Sí, nuestra democracia languidece a la par que lo hace la plena condición humana, divorciada de una naturaleza a la que, a pesar de su separación unilateral, no deja de maltratar. Cada golpe que recibe, cada paisaje que alteramos, cada río o mar que contaminamos, empobrece la vida de la que formamos parte y nos vuelve sujetos de peor calidad, personas que desprecian la vida y llegan al extremo de disfrutar con injustificables actos de maltrato animal, como la muerte a tiros de varios gatos en nuestra ciudad.
La naturaleza nos atempera, nos pone a prueba y nos aparta del exceso y de lo enfermizo. En su presencia entendemos el concepto de límite, básico para el éxito del proyecto democrático. Si la democracia tiene posibilidad de germinar en nuestra tierra dependerá de la salud y fuerza de los frutos que dé. Su sabor debe tener notas de autodirección, autoexpresión y autorealización. Todos los organismos vivos gozan de esta capacidad de autonomía en la medida en que siguen una pauta vital propia; pero en el ser humano esta autonomía constituye una condición esencial para su desarrollo ulterior. Una autonomía, visible en todas las manifestaciones de la vida natural, que requiere como contrapeso el desarrollo de una igual capacidad de autolimitación.
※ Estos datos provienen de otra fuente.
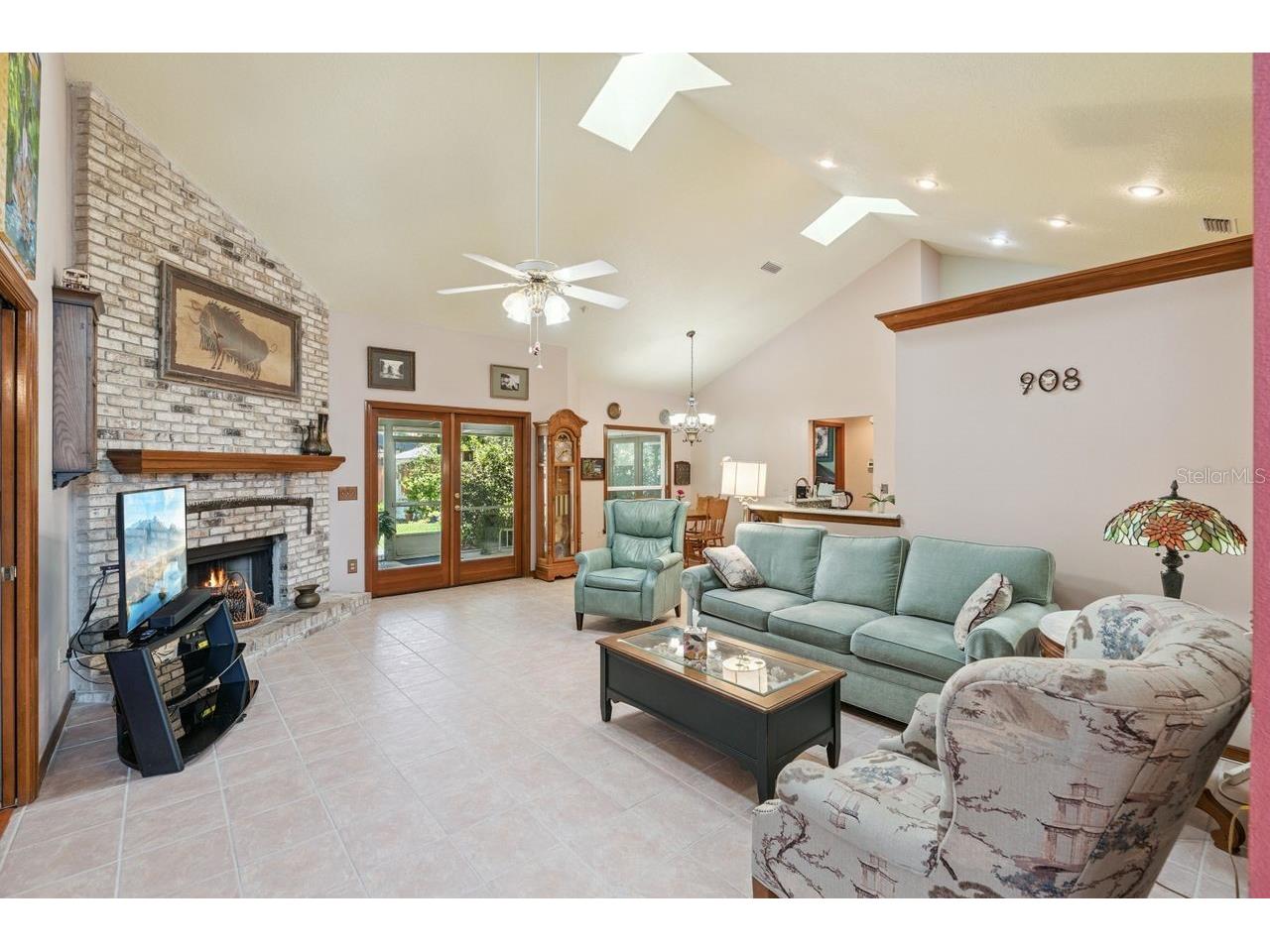 908 Almond Tree Circle Orlando FL 32835 O6401283 image11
La naturaleza es verdad, belleza, bondad, salud y moral. “La virtud no es sino una viva y entusiasta armonía con la naturaleza”, dijo Marco Aurelio y nos recuerda Whitman. Un poeta que dedicó toda su vida al noble propósito de “apartar a la gente de sus continuos extravíos y abstracciones enfermizas para conducirla a lo común, divino, original y concreto”. Para garantizar nuestra salud y la de nuestra democracia necesitamos mantener un contacto regular con la naturaleza, las criaturas que la habitan y el cosmos. Maltratar la naturaleza, alejarnos de ella, es imposibilitar la democracia. Si algún día llegamos a entender esta relación entre naturaleza y democracia nuestra vida aumentará en significado y profundidad. En algún momento, tal y como hizo Thoreau en su experimento de Walden, debemos ir a la naturaleza para enfrentarnos solos a los hechos esenciales de la vida y ver si podemos aprender lo que la vida tiene que enseñarnos, y para no descubrir, cuando tengamos que morir, que no hemos vivido.